Given data:
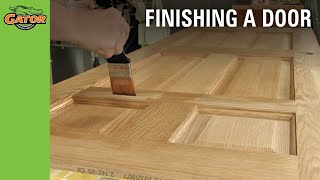 How-to Stain and Paint Unfinished Doors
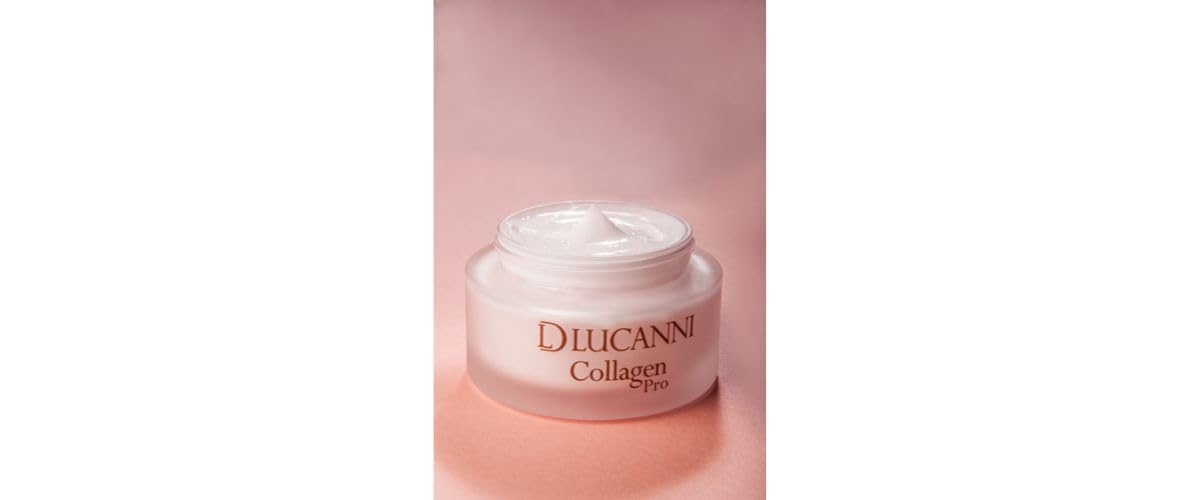 D´LUCANNI – Crema Facial Colágeno | Hidratante y Nutritiva Antiedad 50 ml | Reafirmante y Antiarrugas con Vitamina E Premium | Para todo Tipo de Piel, Uso Diario Día y Noche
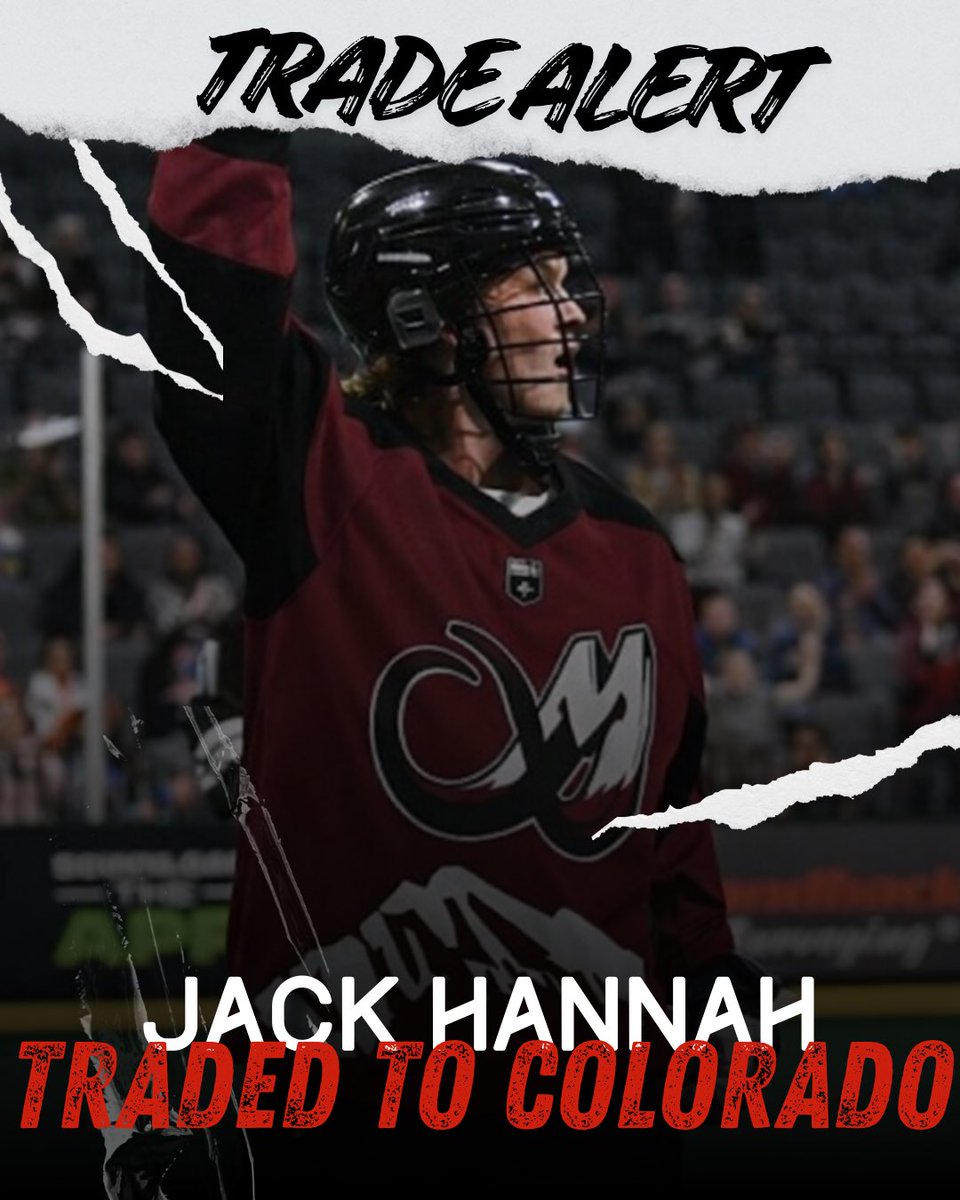 LooseMeshPod's tweet image. Breaking News:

Work instruction: Only exact copies are wanted here. Write out the lines from the one containing "D´LUCANNI – Crema" through the end of the material and no others, omitting all pictures.

Exercise solution:
 D´LUCANNI – Crema Facial Colágeno | Hidratante y Nutritiva Antiedad 50 ml | Reafirmante y Antiarrugas con Vitamina E Premium | Para todo Tipo de Piel, Uso Diario Día y Noche
 LooseMeshPod's tweet image. Breaking News:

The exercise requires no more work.